Assume we have an $n$-dimensional real-valued function $f$ whose $\ell_1$ sensitivity is equal to $GS(f) = 1$. We can also assume the sensitivity of each dimension is also $\Delta f = 1$.
For pure differential privacy, we have the Laplace Mechanism, whose magnitude is parametrized by the privacy level $\epsilon > 0$ and the $\ell_1$ sensitivity. If we were to add noise to each $n$ dimension by using sequential/basic-composition, we were going to need to scale the Laplace distribution with $\propto \Delta f / (\epsilon / n) = n / \epsilon$. However, since $GS(f) = 1$, we do not need to rely on basic proposition, rather, we can immediately add noise with magnitude $\propto GS(f) /\epsilon = 1 / \epsilon$. In summary, when we have $\Delta f = GS(f)$, we can sample $n$ iid noise from Laplace distribution with $\propto \Delta f/\epsilon$, and the $n$-dimensional result is still $\epsilon$-DP (privacy does not decay).
I am wondering whether we can extend this to approximate differential privacy; not for a specific noise mechanism like the Gaussian, but in general.

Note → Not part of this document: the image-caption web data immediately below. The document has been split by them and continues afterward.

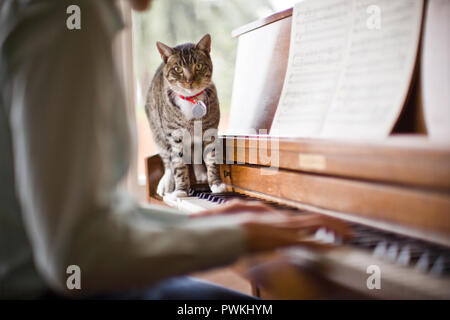 Porträt einer Katze entlang tasten, während ein Pianist versucht zu spielen. Stockfoto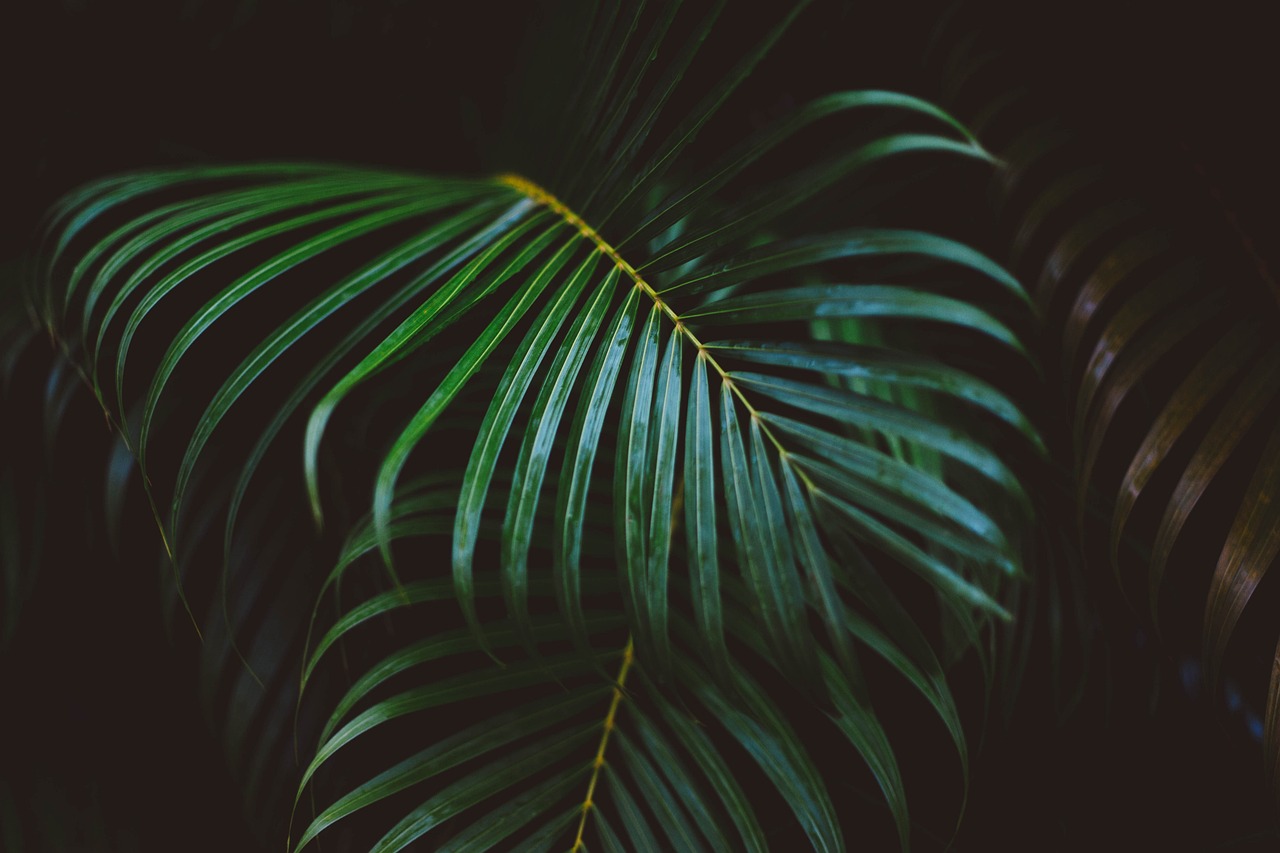 fronds, green, leaves-1869757.jpg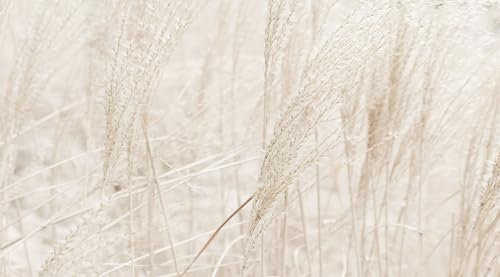 UNIK Nordic Vliestapete, BxH 350x280 cm, Pampas Gräser, Tapete Natur, Fototapete Wohnzimmer und Schlafzimmer, XXL Premium Wohntapete, Wandtapete Pampasgras Hell, Boho Designtapete Made in Germany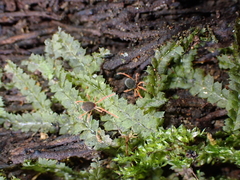 Halotydeus destructor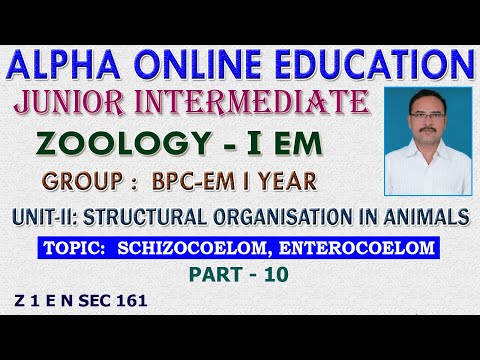 INTER-I YR: ZOOLOGY-I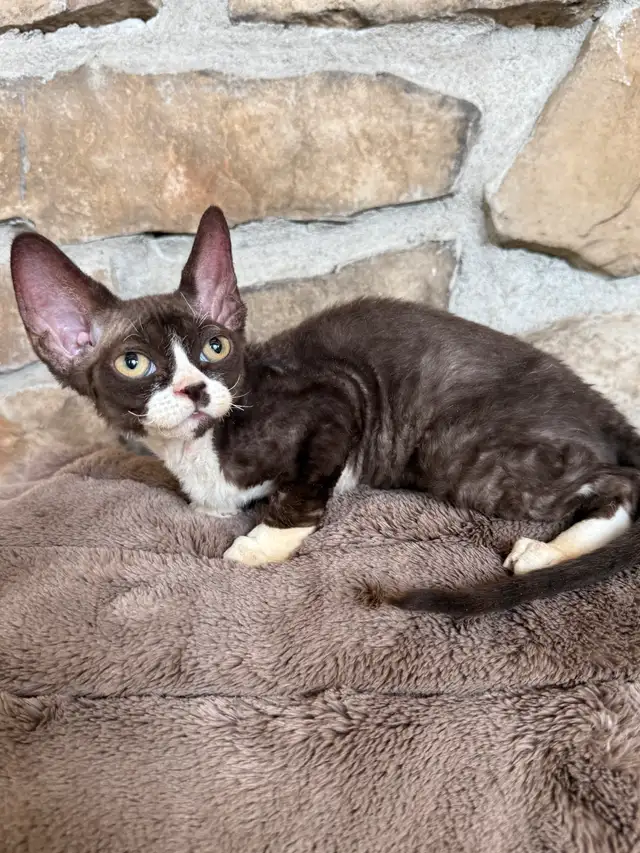 Devon rex & Maine Coon pure race enregistré TICA in Cats & Kittens for Rehoming in Québec City - Image 7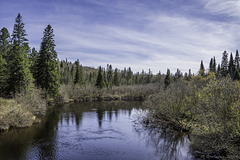 auf dem Western Uplands Backpacking Trail am Oxtongue River (© Buelipix)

Question: Assume there exists a mechanism $\mathcal{M}$ that satisfies $(\epsilon, \delta)$-DP for any single-dimensional query with sensitivity $\Delta f = 1$. If I use this for each $n$ component of $f$, do I still have $(\epsilon, \delta)$-DP? Again, if we had $GS(f) = n \cdot \Delta f$, then we would have decayed to $(n\epsilon, n\delta)$-DP, but now I am wondering if when $GS(f) = \Delta f$ we can claim a similar result as in the Laplace noise case explained above.